Una experiencia piloto en escuelas mostró alta aceptación y reabre el debate sobre cómo integrar la tecnología en el aula frente a sistemas educativos con menor capacidad de adaptación.
En medio de la discusión sobre el uso de celulares en clase, surge un nuevo eje: la incorporación de inteligencia artificial en la educación. Pruebas realizadas con alumnos de primaria mediante un tutor conversacional basado en IA evidenciaron una recepción ampliamente positiva y plantean interrogantes sobre el futuro del aprendizaje.

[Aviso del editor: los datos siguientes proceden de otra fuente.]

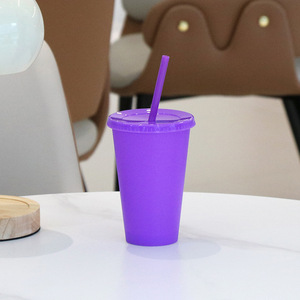 Atlas Solid Color Single Wall 16 Ounce Disposable BPA Free Polypropylene Cold <b>Drink</b> Coffee Cup Tumbler Lid <b>Straw</b> for Party Use - Product Image 4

El sistema funciona en tiempo real, adaptando explicaciones, formulando preguntas y guiando a cada estudiante según su nivel. En sus primeras implementaciones, ocho de cada diez chicos valoraron positivamente la experiencia, con una tasa de finalización cercana al 77%, lo que sugiere un uso sostenido más allá de la curiosidad inicial.
En total, se registraron 152 sesiones iniciadas y 117 completadas, con picos de hasta 50 interacciones en un solo día, un comportamiento poco habitual en entornos educativos tradicionales. La iniciativa se llevó adelante en Tierra del Fuego, en el marco de un plan provincial que articula el sector público y privado.
Uno de los datos más relevantes es que más del 50% de las interacciones se concentraron en contenidos curriculares específicos, como Pueblos Originarios, historia y territorio. Esto refuerza la idea de que la inteligencia artificial no reemplaza contenidos, sino que transforma la manera en que los alumnos acceden a ellos.
El caso también se cruza con otra discusión vigente: el uso de dispositivos en el aula. Según estudios recientes, más de la mitad de los estudiantes argentinos de 15 años utiliza el celular en la escuela, lo que genera posiciones enfrentadas sobre su impacto en el aprendizaje.
En paralelo, especialistas advierten que la inteligencia artificial no debe pensarse como una materia adicional, sino como una herramienta estructural que redefine cómo se aprende y se evalúa. Con experiencias concretas en marcha, el foco del debate comienza a desplazarse: ya no se trata de si la tecnología llegará al aula, sino de quiénes aprenderán a utilizarla primero.